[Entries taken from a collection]
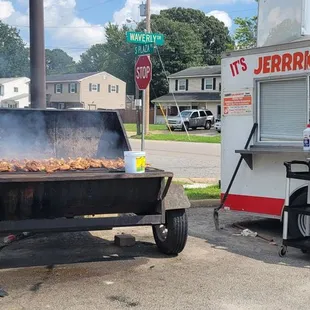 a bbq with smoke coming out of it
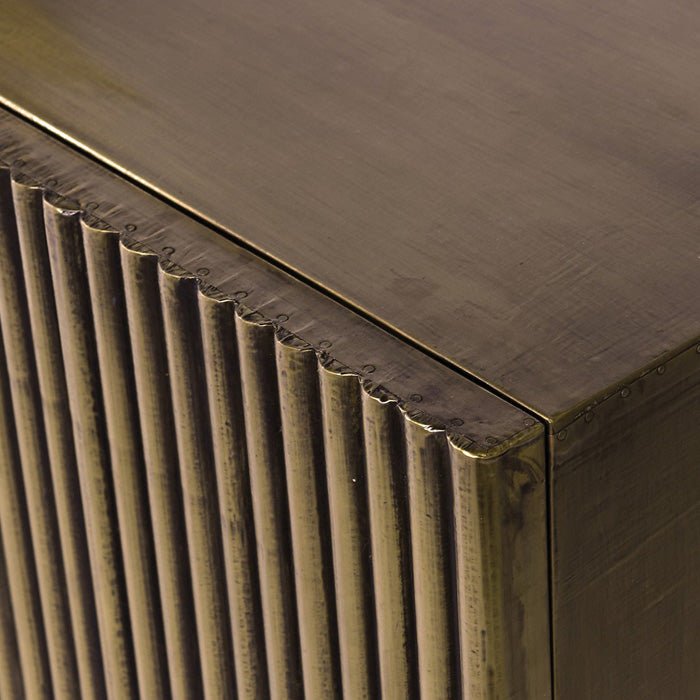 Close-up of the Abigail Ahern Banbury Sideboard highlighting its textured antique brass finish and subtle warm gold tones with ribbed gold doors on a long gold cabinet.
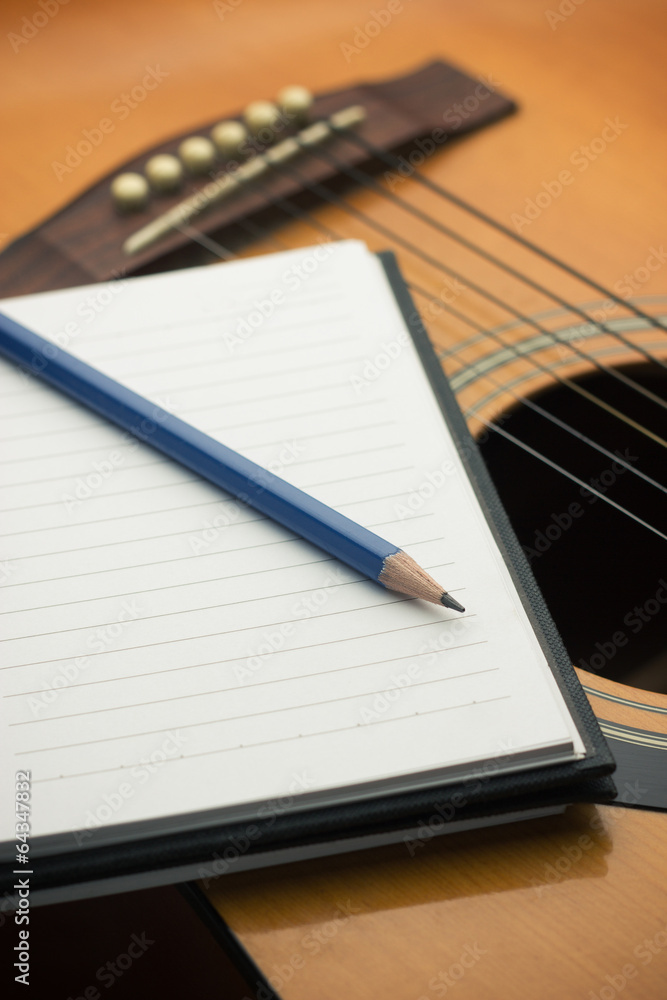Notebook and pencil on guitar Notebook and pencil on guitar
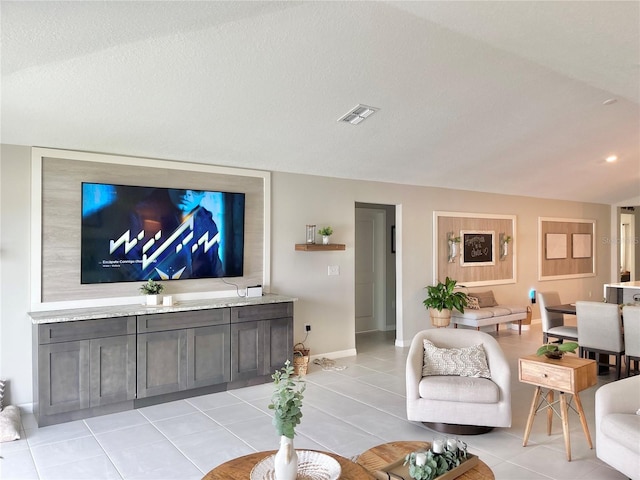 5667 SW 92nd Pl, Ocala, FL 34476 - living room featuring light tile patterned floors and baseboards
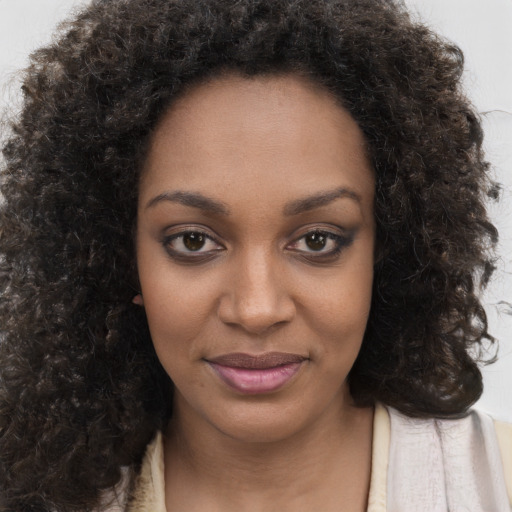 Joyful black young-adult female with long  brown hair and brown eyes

◆ HOW TO COMPLETE THIS TASK:
Go through the entries and retype them exactly, except for the images.

◆ TASK RESPONSE:
 a bbq with smoke coming out of it
 Close-up of the Abigail Ahern Banbury Sideboard highlighting its textured antique brass finish and subtle warm gold tones with ribbed gold doors on a long gold cabinet.
Notebook and pencil on guitar Notebook and pencil on guitar
 5667 SW 92nd Pl, Ocala, FL 34476 - living room featuring light tile patterned floors and baseboards
 Joyful black young-adult female with long  brown hair and brown eyes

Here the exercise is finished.